Si le morceau d'ouverture « La terre des hommes providentiels » met directement dans le bain de la noirceur, plus rentre-dedans, brut et direct, moins agrémenté d'ornements périphériques que ce que l'on a pu connaître chez le groupe, « Nouvelles normes en vigueur » qui lui fait suite est déjà un excellent exemple de ce qu'on trouvera disséminé sur cet album, où on retrouve ce riffing « à la Potence » marqué par des mélodies saillantes et des riffs en dents de scie, qui ici alternent avec des parties blastées, sur cette fin cathartique par exemple, ou ces ralentissements plus post, qui sur certaines sections du disque peuvent parfois faire penser aux effondrements civilisationnels de chez Time to burn (dont on se souvient encore de l'excellent Is.Land).
Sans s'aventurer plus loin dans la description détaillée des morceaux, Cinq Années de Nuit est un disque que j'attendais et dont j'attendais beaucoup, et qui à mon sens comble ces attentes.
Avec cet album passionnel et déchiré comme son chant, sombre et dense, Potence élaborent une nouvelle tentative d'exutoire en hurlant la misère des temps qui sont les nôtres et du peu de lueurs d'espoir qui s'en dégagent, comme une relecture actualisée de ce « La prospérité, ça n'existe pas mon gars » que chantaient Amanda Woodward il y a une bonne vingtaine d'années déjà, tout en cherchant une raison de ne pas sombrer, ne serait-ce qu'en décrivant ces paysages désolés.

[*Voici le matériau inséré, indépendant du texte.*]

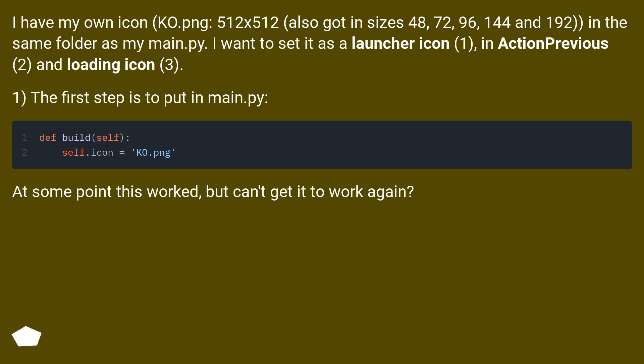The first step is to put it in main.py. At some point this worked, but can't get it to work again.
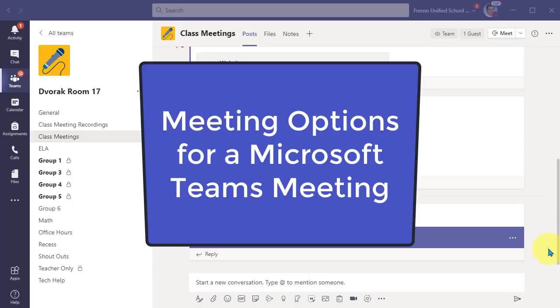In this video, we will look at the meeting options for a Teams meeting.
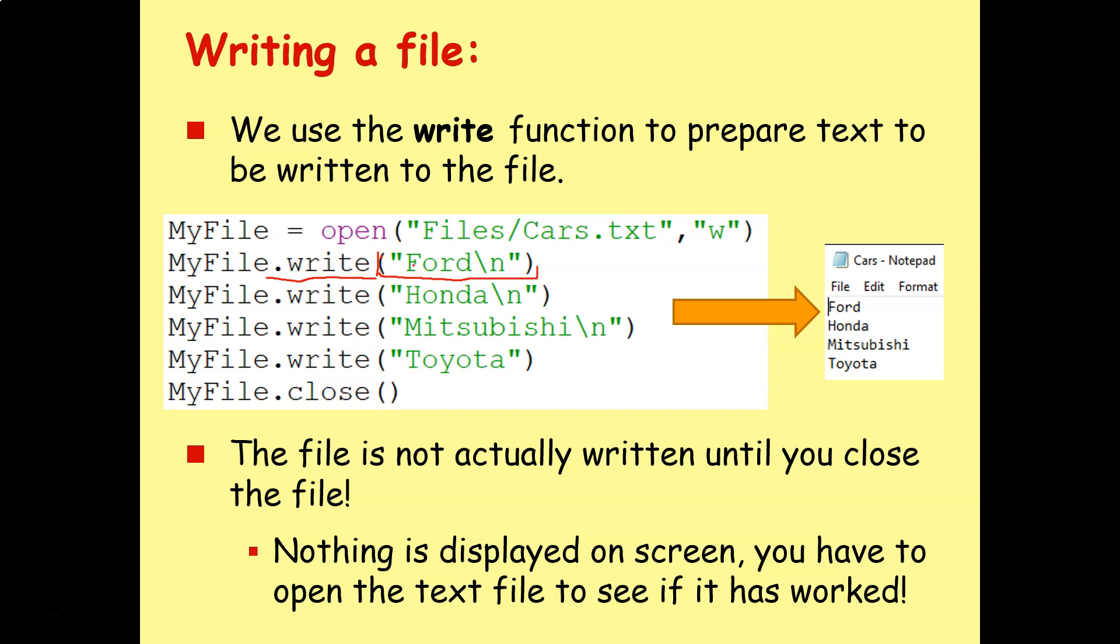So in this case, we've got just the name of a car and then the new line character, because as you see here, we want each car to be on a new line. So Ford new line, Honda new line, Mitsubishi new line, Toyota.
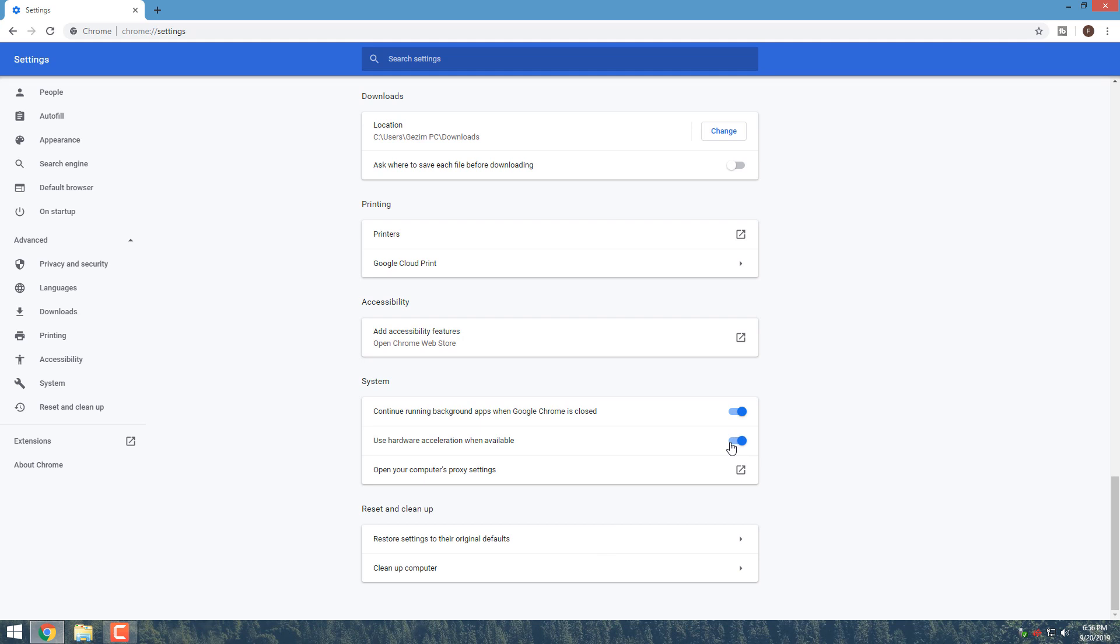Make sure you save anything you're working on. Chrome reopens the tabs that were opened before the relaunch but doesn't save any of the data contained in them. If you'd rather wait to restart Chrome and finish up anything you're working on, just close the tab. Chrome will apply the change the next time you close and reopen it.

Un peu à la manière dont Italo Calvino, dans Les Villes Invisibles, évoquait l'enfer : « L’enfer des vivants n’est pas une chose qui adviendra ; s’il y en a un , et c’est celui qui est déjà présent , l’enfer que nous habitons tous les jours, que nous créons en vivant ensemble. Il existe deux façons de ne pas en souffrir : accepter l’enfer et l’intégrer jusqu’au point de ne plus s’en apercevoir . Le second est à risque, et exige attention et apprentissage continus: chercher et savoir reconnaître quelle est la chose au milieu de l’enfer qui n’est pas l’enfer, la faire durer et lui procurer de l’espace ».

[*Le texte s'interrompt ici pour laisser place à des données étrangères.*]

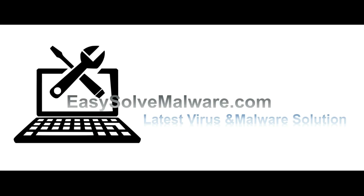That's all. Thank you watching the video from EasySolveMalware.com. We hope it solves your problem.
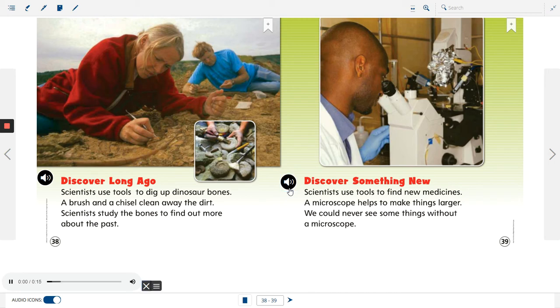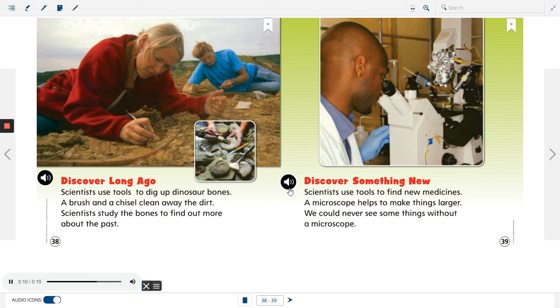Discover something new. Scientists use tools to find new medicines. A microscope helps to make things larger. We could never see some things without a microscope.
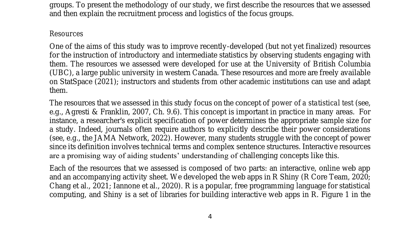The online focus groups enabled researchers to reach a diverse student population, increasing the representativeness of the feedback. The interactive web apps allowed for real-time feedback and discussion, fostering a deeper understanding of the resources and their limitations. The study's findings highlight the importance of iterative development and refinement of educational resources. By incorporating student feedback and perspectives, educators can create more effective and engaging learning materials, demonstrating the potential of online focus groups as a convenient, cost-effective, and accessible means of informing resource development.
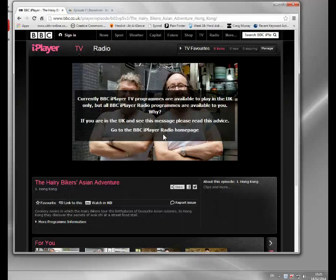So if you happen to be on holiday in Spain or France or whatever and you try and connect to the BBC site, it'll see that you're located in that country and you'll get blocked. It doesn't matter if you're a license payer, it doesn't matter if you're an expat and you've got a house in the UK or whatever. Everybody who's not got a British IP address gets blocked.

Sans lauriers ni prouesses autres que la sincérité et l'engagement à corps perdu dans leur musique et leur attachement à leurs idéaux, mis à rude épreuve comme ceux de tant d'autres d'entre nous ces derniers temps, Potence, avec ce nouvel album, ne donnent ni boussole, ni lanterne à suivre pour s'échapper de ces cinq nouvelles années de nuit ; ce qu'on y trouvera, pour celles et ceux qui sentent porter cette même déchirure, c'est ce petit mot laissé sur la porte du frigo, cette photo dans le porte-feuille, ce verre pris avec des potes, ce petit cadeau qui rappelle que, malgré les mauvais jour et parfois le désespoir, nous ne sommes pas seul·e·s, et d'autres partagent les mêmes sentiments.

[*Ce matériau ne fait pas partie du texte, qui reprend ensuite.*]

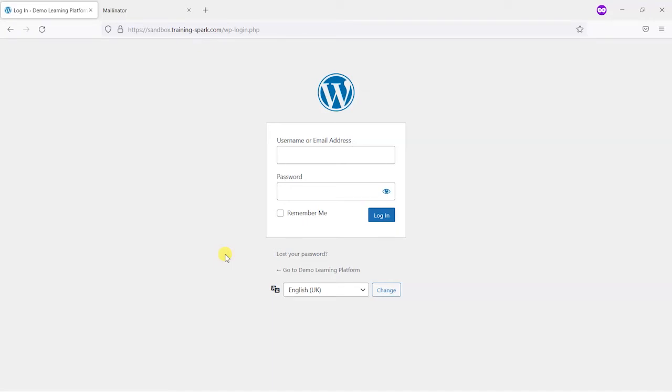Hi it's Mark from TrainingSpark and in this video we're going to show you how you can add some design or styling to the emails that get sent out from your LearnDash platform.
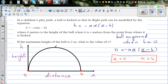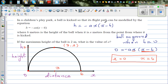The maximum height of 2 meters is reached at the vertex. Since the path is parabolic, the vertex is halfway between the x-intercepts at x equals 0 and x equals 6, so the vertex is at x equals 3. That gives us the point 3 comma 2. We're going to use this to find a, by substituting into the equation.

Et oui, comme on le disait dans le court texte qui présentait notre quintet en tant que groupe du mois sur CoreandCo, dans Potence il y a 'pote'. Alors quand en plus, on peut se perdre dans la musique, pourquoi s'en priver.
A écouter les jours où, en plus d'aimer nos ami·e·s, on voudrait voir les patrons au lampadaire. Aujourd'hui par exemple.
16 COMMENTAIRES
Crom-Cruach le 14/03/2024 à 13:20:48
"D'un point de vue nocturne, on dépasse ici largement les 30 jours des productions cinématographiques" et BD-esque (Très bonne référence).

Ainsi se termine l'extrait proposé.